To make the scrappy centre piece. Cut a 6cm strip of 3 or 4 different fabrics and then cut these into various widths. Lay them randomly in a row and stitch them together using a small 0.5cm seam allowance. The multi strip should be 22cm long. Press the seams to one side, give it a good press.
Pin the striped piece to the two front side pieces, remembering to place the right sides together. Sew with a 0.5cm seam allowance. Press the seam to one side.
Layer up the lining, insulated batting and front making sure you have the batting sandwiched between the outer and inner layer.
Pin with curved safety pins if you have them. If you have a walking foot for your machine use this to quilt the layers together. We used straight lines and used the edge of the walking foot as a guide but you can draw in the quilting lines with chalk before you sew. Use a much longer stitch length to help with the thick layers. You should have two quilted squares.
Cut 25cm x 2 off your binding and use this to bind one side of a quilted square (the side that will be open). Fold the binding in half lengthwise to the wrong side and press. Pin to the lining side of the square lining up the raw edges.

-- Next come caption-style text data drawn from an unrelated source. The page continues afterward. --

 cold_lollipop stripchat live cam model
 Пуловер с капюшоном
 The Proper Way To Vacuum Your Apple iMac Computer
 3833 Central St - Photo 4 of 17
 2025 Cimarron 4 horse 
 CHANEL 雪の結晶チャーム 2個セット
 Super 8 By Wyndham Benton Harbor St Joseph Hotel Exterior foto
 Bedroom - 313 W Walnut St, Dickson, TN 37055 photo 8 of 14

Stitch using the edge of your presser foot as a guide. Fold over the neat edge of the binding to the right side and stitch so that you cover the first row of stitching. Do the same with the other quilted square.
Place the quilted squares, wrong sides together. If you like, machine baste with a scant seam.

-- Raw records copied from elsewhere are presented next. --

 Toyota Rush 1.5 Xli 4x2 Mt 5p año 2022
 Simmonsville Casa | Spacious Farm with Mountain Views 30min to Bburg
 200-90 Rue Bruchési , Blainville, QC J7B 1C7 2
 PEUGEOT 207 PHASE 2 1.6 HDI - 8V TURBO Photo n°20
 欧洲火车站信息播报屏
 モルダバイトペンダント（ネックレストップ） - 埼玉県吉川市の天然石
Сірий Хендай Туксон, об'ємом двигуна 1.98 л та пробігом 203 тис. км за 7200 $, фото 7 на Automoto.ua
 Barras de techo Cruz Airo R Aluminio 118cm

Take the long piece of binding and fold over the short end to the wrong side by 1cm and press.
Fold the binding in half lengthwise to the wrong side and press.

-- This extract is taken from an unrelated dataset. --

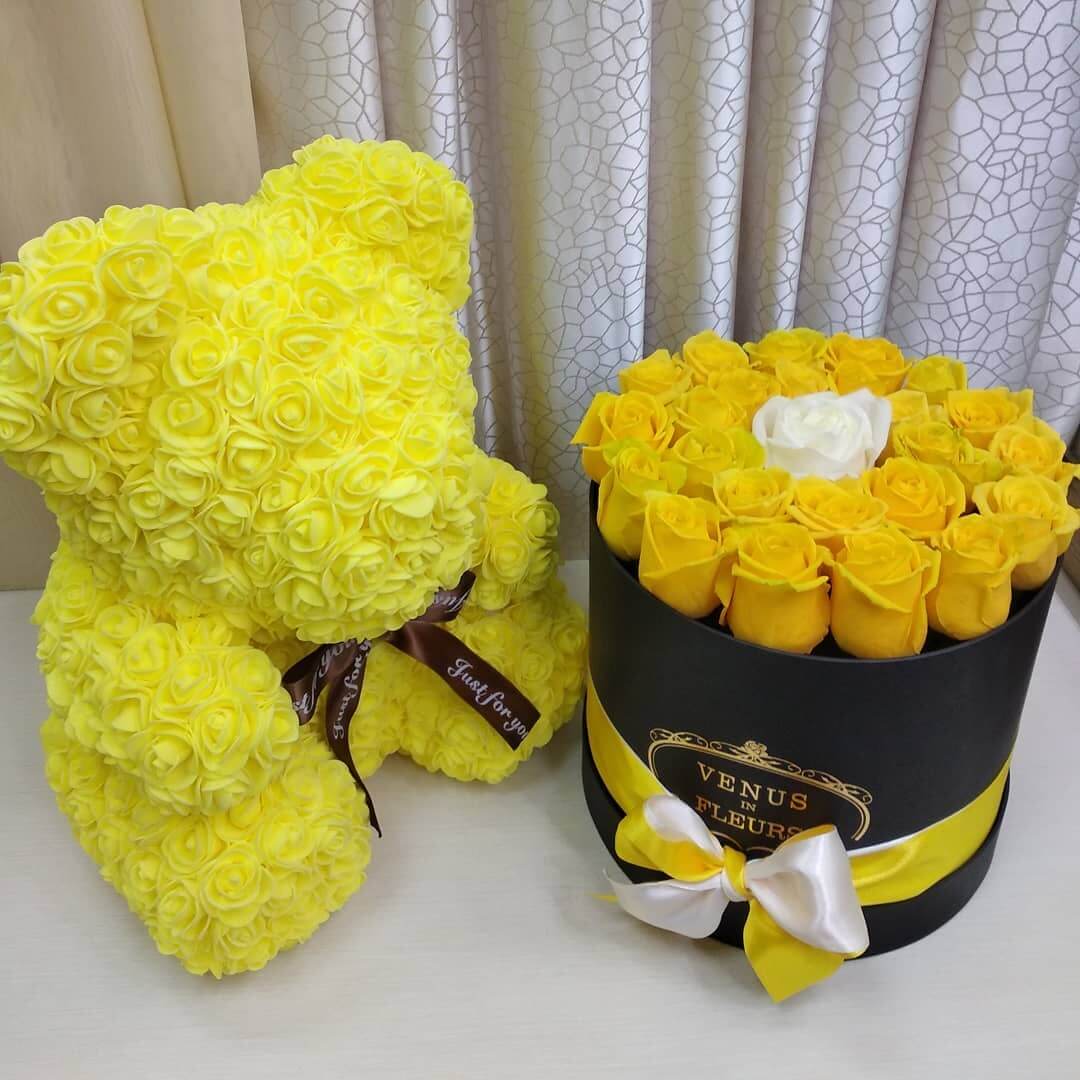 31 желтая роза в коробке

Place the binding on the right side of the mitt so that it overhangs the edge by 1.5cm, fold the overhanging end to the wrong side of the mitt and pin.
Stitching the binding using the edge of the foot as a guide. To create a mitred corner- stop 0.5cm away from the end, ensure your needle is down in the fabric, lift your presser foot and pivot 45 degrees, lower your presser foot and sew off into the point of the corner. Fold back the binding and finger press along the angle that you created (the binding should be perpendicular to the sewn binding).
Fold the binding back on itself and along the next raw edge of the mitt and sew in place. Do the same with the next corner.
When you get to the end of the third side, sew to the edge of the wadding. You should have a long tail of binding, leave this until later.
Fold over the binding to the wrong side and slip stitch in place- start at the folded binding edge- tuck in any raw edge. When it comes to the corner, stitch to the end of one side and fold over the next side to stitch (pin the corners if it makes it easier).
To finish the long tail end, pin so all the raw edges are enclosed. Edge stitch along the tail length. Fold over the tail so that you have a 7cm loop, tuck the raw end in and stitch across the binding at the folded edge and just past the raw end so that the raw end is enclosed.
This trivet mitt can be used as a trivet for hot pans or used as an oven mitt.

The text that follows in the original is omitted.